June Brae (1917-2000). British dancer
June Brae, originally June Bear, was born in Hampshire in 1917, but brought up in China, where she first studied ballet and met Margot Fonteyn. She became one of the leading dancers in the Vic-Wells Ballet, which she joined in 1935 after having studied at the Sadler’s Wells School from 1933. She was inextricably linked with Pamela May, with whom she frequently danced in tandem. As a dancer she was highly versatile and beautiful. She was noted for her particular combination of delicacy and gaiety, but she also conveyed the menace and power of the Black Queen in Ninette de Valois’ Checkmate, a role she created.
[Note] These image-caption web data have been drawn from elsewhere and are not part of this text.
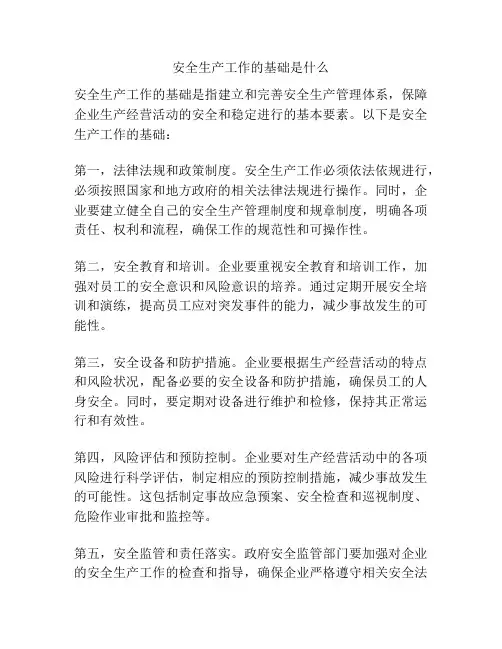 安全生产工作的基础是什么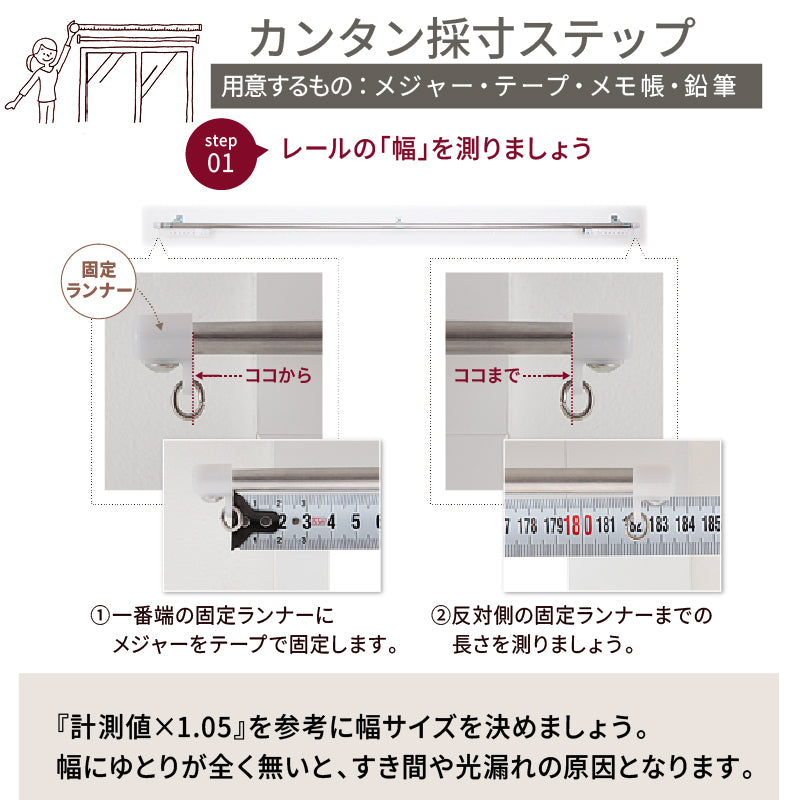 国産完全遮光カーテン 断熱・保温・形状記憶・UVカット・遮像 ドレープ4色&レース2色×5サイズ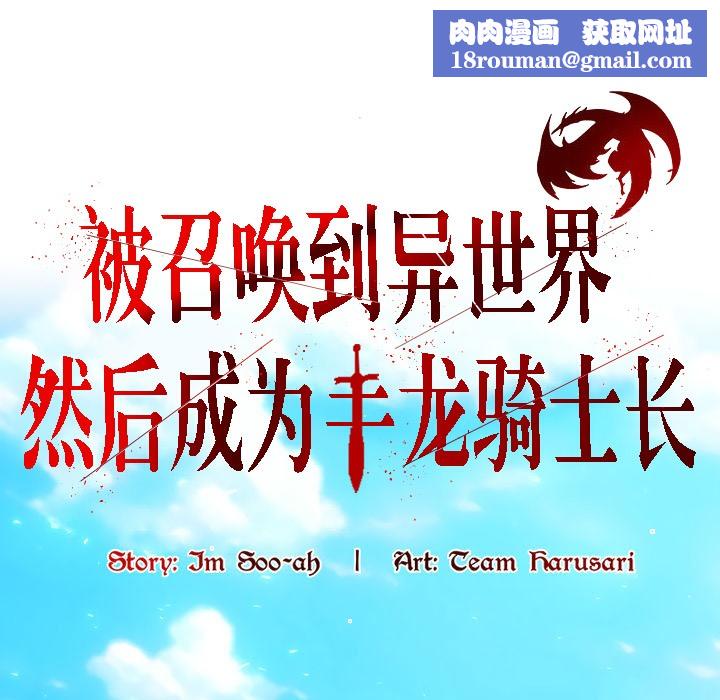 被召唤到异世界，然后成为半龙骑士长第12话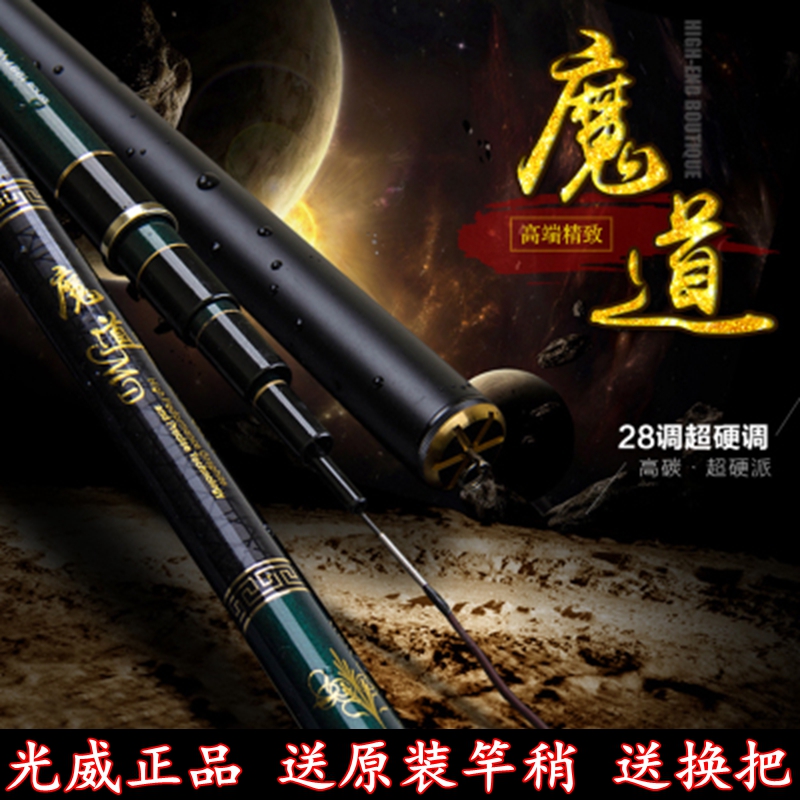 2021 Fishing Rod Bench Fishing Rod Super Light Ultra Hard Light Wil 2021 New Nameplate 28 Tuning Integrated Pole Handpole Carbon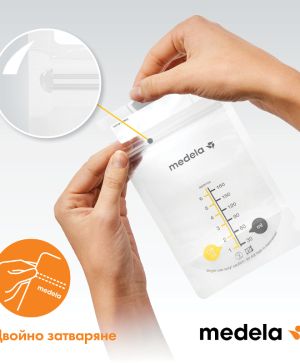 Пликчета за съхранение на кърма Medela - 25 броя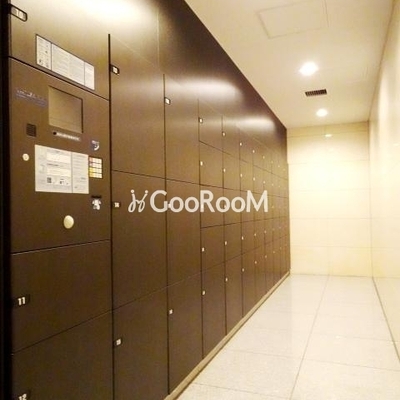 
									大崎ウエストシティタワーズ 宅配BOX[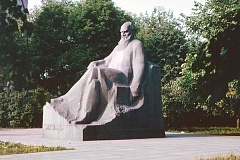 Ко дню рождения Льва Толстого Главархив рассказал, что хранят фонды о писателе и его семье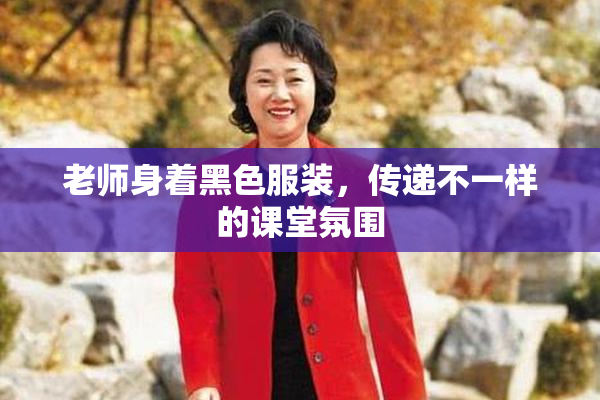 老师身着黑色服装，传递不一样的课堂氛围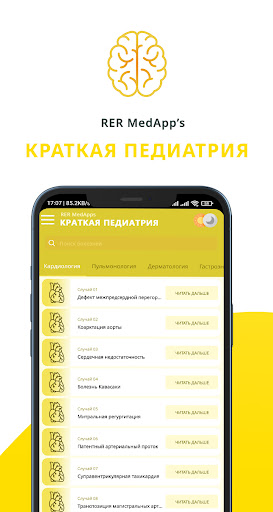 Предварительный просмотр приложения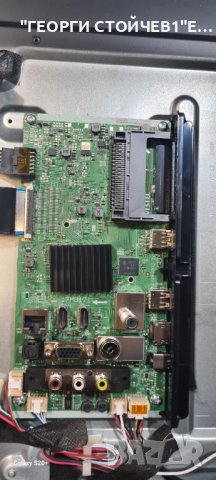 42LA2063DAX  17MB171 17IPS62 VE415UMDR-N1-N41 17DLB43VER13-A, снимка 7 - Части и Платки - 42663561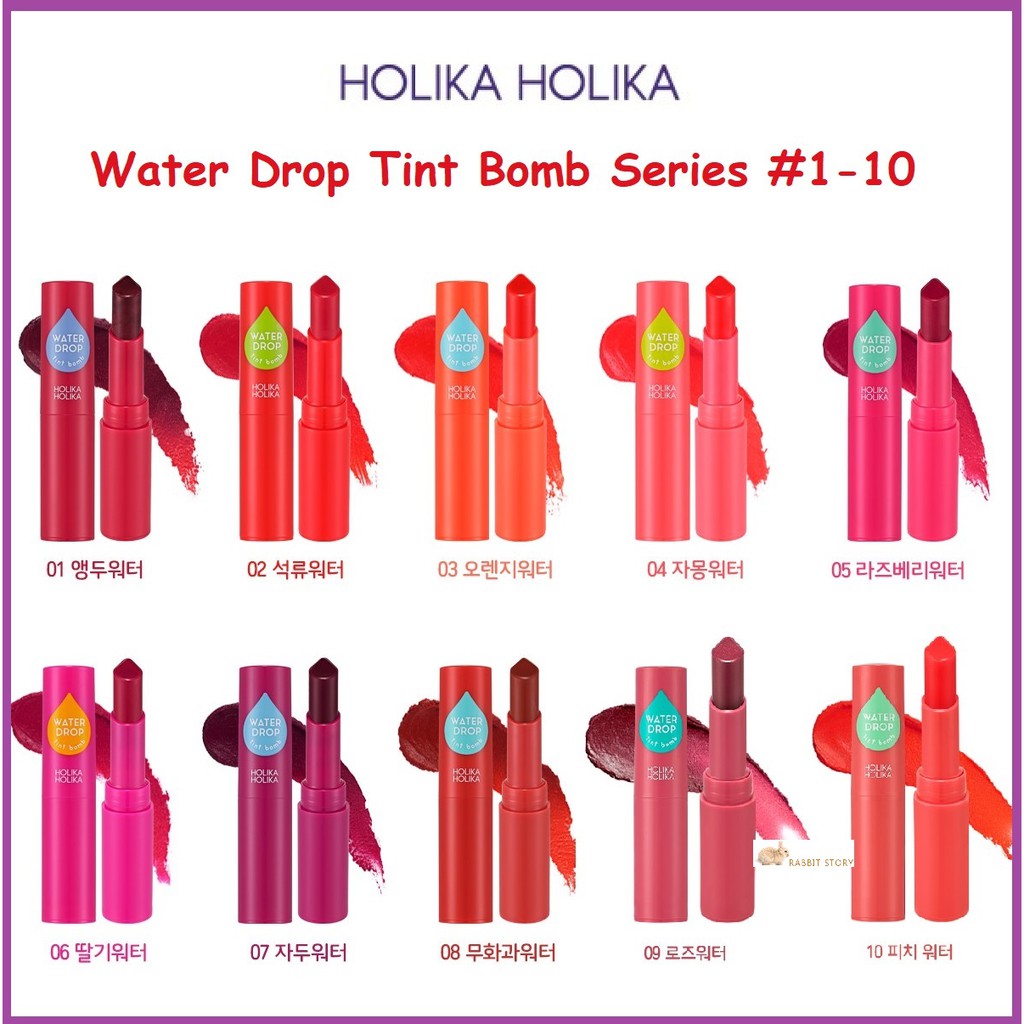 100 Authentic Holika Holika Water Drop (waterdrop) Tint Bomb 2.5g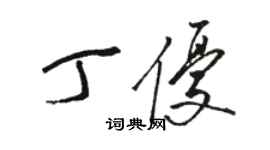 骆恒光丁优草书个性签名怎么写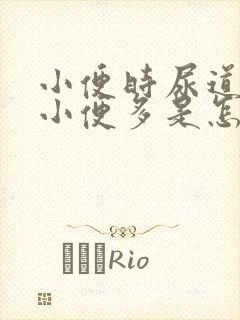 小便时尿道刺痛小便多是怎么回事封面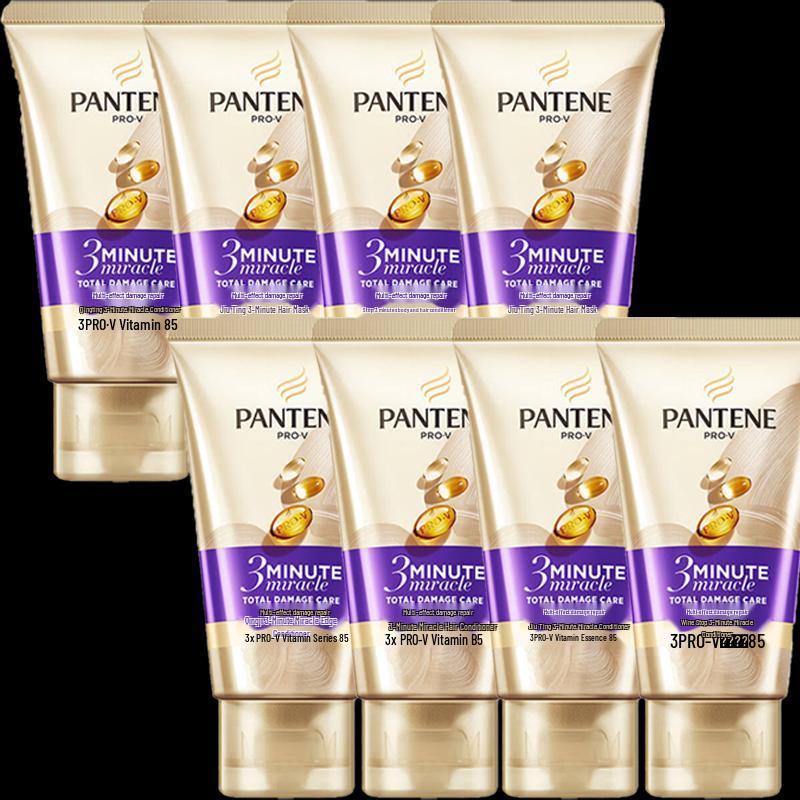 Pantene 3 Minute Miracle Multi-Effect Damage Repair Conditioner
She was the Rich Girl in Frederick Ashton’s Nocturne, a skater in his Les Patineurs, and most memorably the tipsy Josephine in A Wedding Bouquet. She was the Lilac Fairy when the The Sleeping Princess (Marius Petipa’s The Sleeping Beauty) was first staged by Nicholas Sergeyev for the company in 1939 and was the ballerina in Helpmann’s short-lived Adam Zero in 1946, for which she came out from her first retirement in 1942. In 1946 she took the lead in Andrée Howard’s Assembly Ball, and then retired definitively, apart from an appearance in 1981 in De Valois’ The Rake’s Progress to mark the company’s 50th Anniversary. June Brae died in Bath in 2000.